MySQL does have some clear advantages over PostgreSQL in some situations. On the whole, MySQL tends to be faster. For many web applications, query speed may be the most important factor. MySQL also has more stable, tested replication and clustering options available. MySQL is also somewhat better at handling binary data stored in the database (we discuss this at length later in the chapter). For many web applications, MySQL may be a clear win.

SQLite

SQLite is a minimalist database that is excellent for small projects. Although it does not support many fancy features, it is a great choice for projects that will not grow very large. It supports ACID transactions ^[33] out of the box. SQLite is a library that is linked into your program; there is no server process to speak of. The library code residing in your application's process space accesses a database file.

SQLite provides no concurrency, as there is no server process to enforce the ACID properties. Therefore, it uses file-level locking: the entire database file is locked at the filesystem level during a transaction. Still, for many small applications, it fits the bill perfectly. It is a good replacement for data that may have been stored in flat files, as it supports most of the SQL-92 standard and would be easy to migrate to a more traditional DBMS as needs grow.

Microsoft SQL Server

Though Rails grew up in the Linux/Unix world, it has developed great community support for the Windows platform as well. Not only are Microsoft SQL Server database connections supported in Rails, there are also provisions for connecting to SQL Server from a Linux-based systems as well, using the FreeTDS library. Instructions are at http://wiki.rubyonrails.org/rails/pages/HowtoConnectToMicrosoftSQLServerFromRailsOnLinux; FreeTDS is available from http://www.freetds.org/.

From a Windows client, the standard approach is to use Ruby-DBI (a Ruby database-independent adapter) with ADO. The configuration looks like this:

	development:
	  adapter: sqlserver
	  host: server_name
	  database: my_db
	  username: user
	  password: pass

Your configuration may vary, depending on the version of SQL Server and the ADO libraries you have installed. Once the database configuration is in place, the standard ActiveRecord API methods can be used to manipulate data.

Oracle

Rails supports Oracle versions 8i, 9i, and 10g through the ruby-oci8 library, http://rubyforge.org/projects/ruby-oci8/ which supports the OCI8 API. Windows, Linux, and OS X are supported as clients.
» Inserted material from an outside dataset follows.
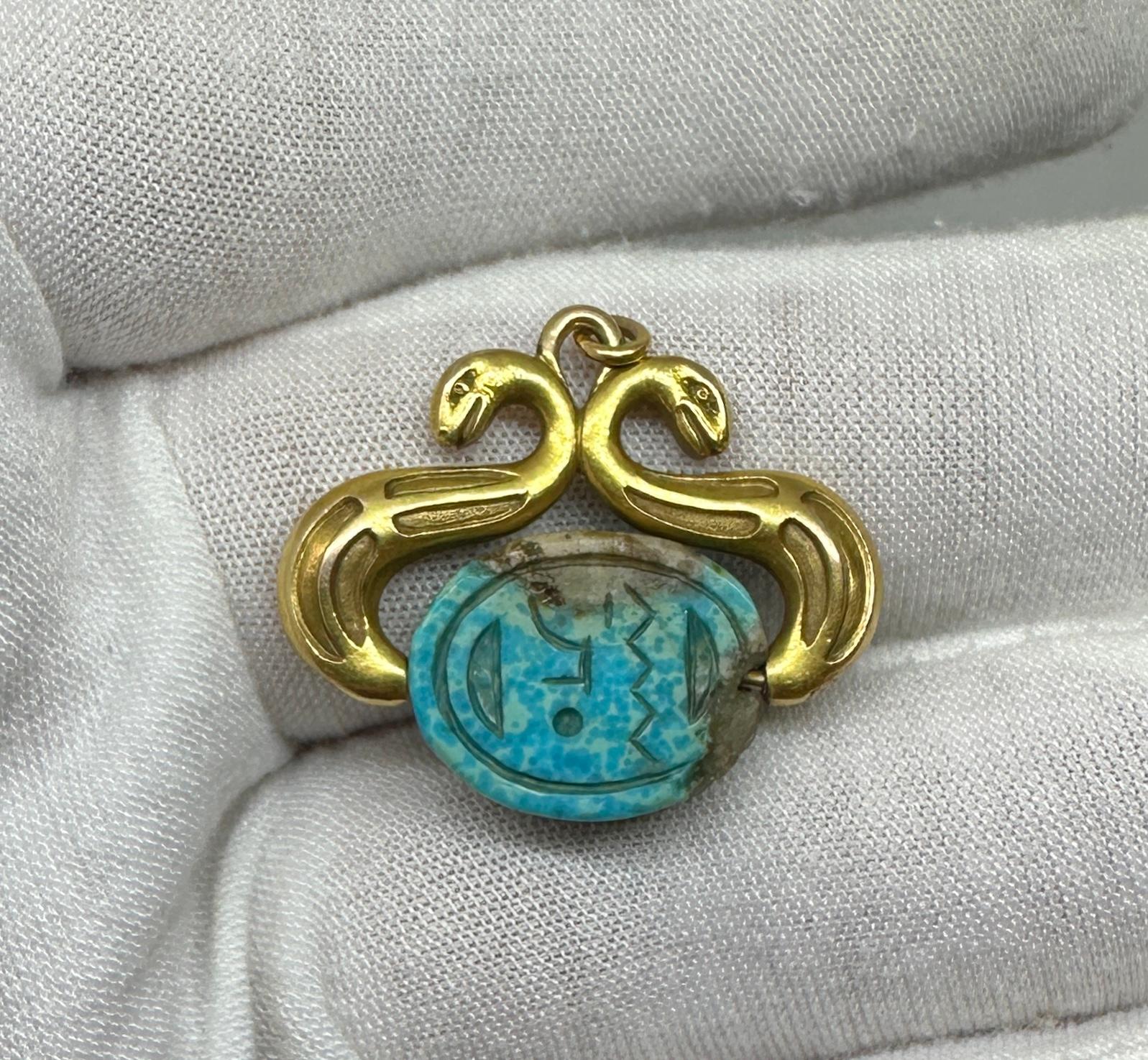 Femenino o masculino Collar Colgante Serpiente Turquesa Escarabajo Renacimiento Egipcio Oro Antiguo Victoriano en venta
The connection configuration is fairly standard, using oci as the connection adapter name.

However, the Oracle client library still maps net service names to connection specifications, so the host parameter provides a service name rather than a physical hostname:

	development:
	  adapter: oci
	  host: ORCL
	  username: user
	  password: pass

The ORCL in the preceding configuration corresponds to an entry in the TNSNAMES. ORA file, which will look something like this:

	ORCL =
	  (DESCRIPTION =
	    (ADDRESS_LIST =
	      (ADDRESS = (PROTOCOL = TCP)(HOST = srv)(PORT = 1521))
	    )
	    ...
	  )

Alternatively, you can provide the connection specification on one line with the Rails database configuration:

	development:
	  dapter: oci
	  host: (DESCRIPTION = (ADDRESS_LIST = (...)))
	  username: user
	  password: pass

The connection setup is the hardest part. Once the database is connected, Rails supports Oracle connections just as it does connections to any other DBMS. Stored procedures and other Oracle-specific syntax are available through the standard methods that expose an SQL interface, such as ActiveRecord::Base.find_by_sql.

^[30] Informally, DBMSs are often referred to as "databases." Consistent with industry practices, in this book "database management system" refers to the software package or installation thereof, while "database" refers to the actual data set being managed.

^[31] Technically pronounced "post-gres-Q-L," and usually just called "Postgres." This is a contender for the least intuitive name in computing today. It has its roots in PostgreSQL's long-ago predecessor, Postgres, which did not support SQL.

^[32] For a detailed look at how Postgres handles concurrency, including a summary of the potential problems and how Postgres handles them, see the documentation at http://www.postgresql.org/docs/8.2/interactive/transaction-iso.html.

^[33]ACID stands for Atomic, Consistent, Isolated, and Durable, which are necessary properties for transactional integrity within a database. See http://en.wikipedia.org/wiki/ACID for a full definition and explanation.